After World War I, American President Woodrow Wilson championed
national self-determination and protection of minorities by the
international community. After World War II, the United States
devoted considerable effort and money to sustaining and
rebuilding democracy in Europe and to establishing it in Japan.
The United States was a leader in decolonization, granting
independence to the Philippines in 1946.
Even during the Cold
War, when the United States supported repressive dictatorships in
the name of anti-communism, there was a core of truth to the
American claim to be the one superpower committed to the
realization of human rights. And with the end of the Cold War,
the United States has emerged as a leader in multilateral human
rights and humanitarian initiatives in Somalia, Haiti, Bosnia,
and other countries.
This leadership role has its problematic elements.
Traditionally,
the United States has been reticent to open itself to the sort of
human rights scrutiny it applies to others. It was only in 1992
that the United States ratified the United Nations' International
Covenant on Civil and Political Rights, more than 25 years after
the measure received General Assembly approval. In addition,
across the
mainstream of the American political spectrum, there has been an
unusual reluctance to accept the equal status of civil and
political and economic, social, and cultural rights, a central
normative principle of the UN's Universal Declaration of Human
Rights and the Covenants. The United States is not a party to
the
International Covenant on Economic, Social and Cultural Rights,
and most Americans do not regard social problems involving
education,
health care, and employment as human rights issues.

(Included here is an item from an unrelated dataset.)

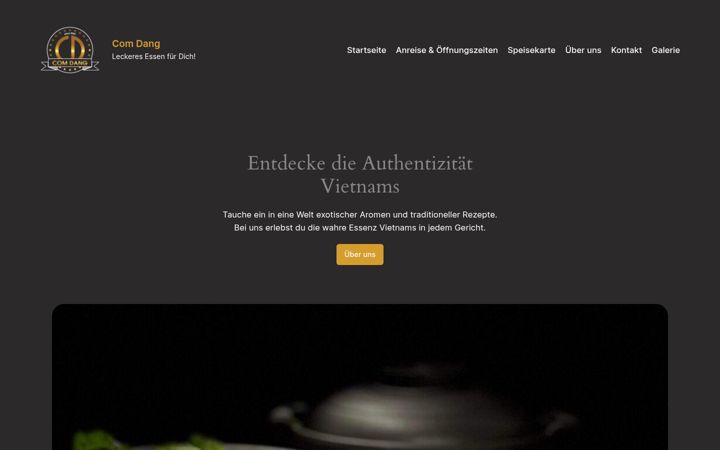 Screenshot of comdang.de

American leadership has also been challenged. At home, the
isolationist tradition is deeply rooted. Today, many Americans
are reluctant to spend money or risk American lives to support
human rights abroad. Abroad, American self-righteousness and a
preference for unilateral action have often provoked resentment
even among those who have shared the values underlying American
policies.
Nonetheless, the United States today, as two centuries ago, is
a
world leader in the ongoing struggle for human rights. And the
struggle continues, globally, to realize the revolutionary idea
that all people, simply because they are human, are entitled to
the basic protections, goods, services, and opportunities of
internationally recognized human rights.
International Monitoring and
Implementation
Mechanisms
The transformation of the international relations of human
rights
has been particularly striking at the normative level. For
example, by mid-1998 the International Human Rights Covenants
have been ratified by 137 and 140 states, more than three-fourths
of the countries of the world. Although international bodies
still play a secondary role
in implementing these norms, states are increasingly accountable
to the international community for their human rights practices.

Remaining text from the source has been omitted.